Indeed, all profits from the first Breakout Festival will go to the NHS.

Stuart, born and bred in Fife, buzzes at the thought of seeing the Kirkcaldy promenade brimming with eager music fans bouncing between town stages on a brisk October afternoon.

Sitting in the very same spot the event will take place, he surveys the scene and envisions the festivities to come.

"There is a festival on the doorstep here," he tells The Weekender. "Everyone is really getting behind it and we hope they can all come out and enjoy live music again. There are some huge acts; there are more still to come.

"We're well placed here. The site is 10 minutes from the train station and five minutes from the bus station. We're near the motorway and there's plenty of parking. Kirkcaldy is not too far from Dundee and Edinburgh – we'd expect a good few Glasgow fans with GUN and Goodbye Mr Mackenzie on the cards."

He continues: "It is a lot about the town – the profits are going to the NHS – but it is also about the town and bringing the community together and giving them something to look forward to. It's the same for the bands, too. After everything, it gets them back on stage again.

"Breakout will help the local economy; I think we've got the best part of 150 hotel rooms booked; some of the local restaurants are involved, and we hope a lot of the shops will gain from the fact we are here.

"We also have a lot of local acts and other wider-known acts. These guys haven't worked in the industry for the best part of 18 months. It'll be great to have everyone back again."

Importantly, while many huge UK acts will be on the bill, Stuart and Ian were keen to have as many local acts as possible to ensure there was a real community feel for the festival.

He says: "We've probably got about 20 local acts across both stages – Billy Reekie, PG Ciarletta, Cameron Barnes – and for a festival that can be unusual. Normally, you'd find one local act opening the stage and the rest come on later.

"But we've deliberately made a decision to get as many local acts as we could on board.

Stuart Prentice, one of the organisers of the inaugural Breakout Festival in Kirkcaldy

Stuart Prentice, one of the organisers of the inaugural Breakout Festival in Kirkcaldy

"We found out about Ali & The Parade from Ladybank and they'll be playing their first proper live gig.

"And then there's Dovv; I've known him from a few bands over the years and he's really-really good.

He adds: "We'd like to think that in a few years' time that one of these acts will have made it. If that's the case, then we'd like to think that we'll have played a part in that.

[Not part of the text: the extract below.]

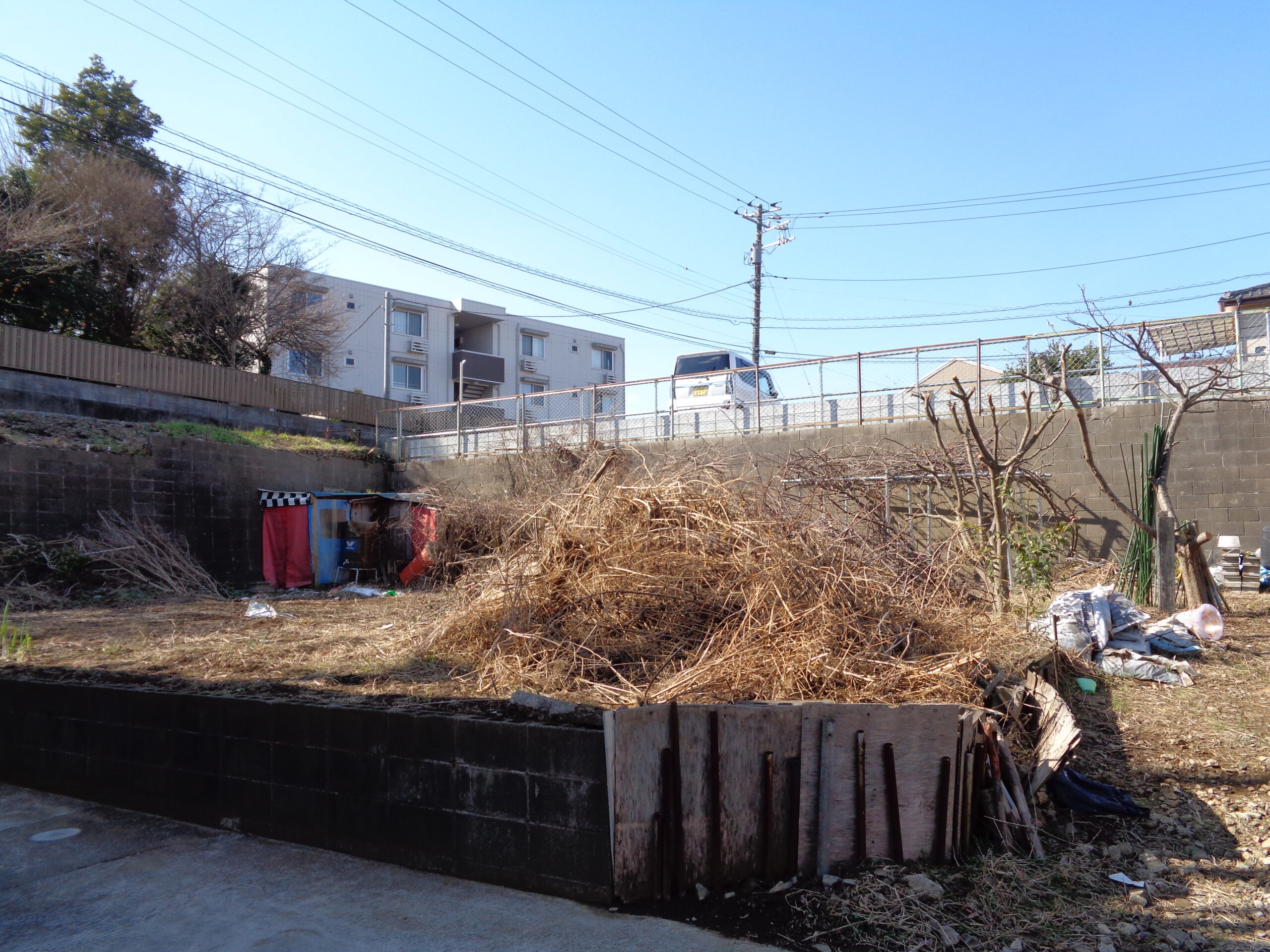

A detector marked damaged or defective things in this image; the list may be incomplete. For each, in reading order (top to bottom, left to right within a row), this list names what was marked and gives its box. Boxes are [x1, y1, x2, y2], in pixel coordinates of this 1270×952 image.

rusted corrugated panel [0, 325, 401, 424]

"All it takes is for them to be in the right place at the right time – if there is a producer there on the day and falls in love with someone on the stage, then you never know what will happen.

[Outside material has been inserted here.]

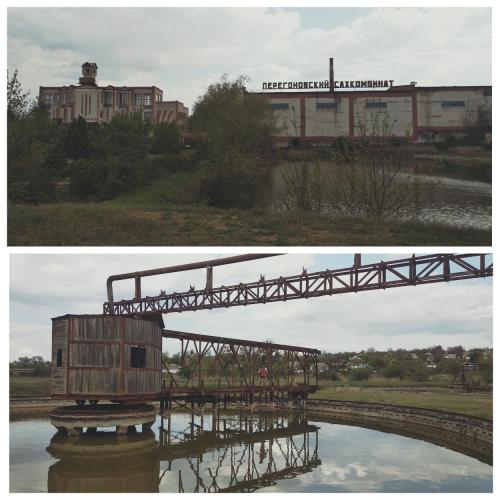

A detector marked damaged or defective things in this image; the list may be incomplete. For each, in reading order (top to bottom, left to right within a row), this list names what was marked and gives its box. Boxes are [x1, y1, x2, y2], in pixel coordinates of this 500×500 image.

rusty metal surface [102, 254, 492, 316]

With an early October date, Breakout will likely be one of the last outdoor festivals this year. The prospect of less traditional festival weather is one not likely to hamper preparations – especially as most of the arena area is situated on hard ground.

And while large-scale events should be back with us in Scotland before October, the organisers were keen to make sure no one would feel too crowded on the day.

"The weather should be fine," Stuart adds. "We've had some nice Octobers here and it should hold out. Also, we're on tarmac for the most part so that will be a godsend. I've been to so many festivals over the years and I've come home covered in mud.

"We've also capped the day at 10,000 a day – we could go for 30,000 or so if we wanted but it's the first year and we thought we would go for a smaller number. Also, given everything that we've experienced with social-distancing measures, we wouldn't want everyone crammed in like sardines.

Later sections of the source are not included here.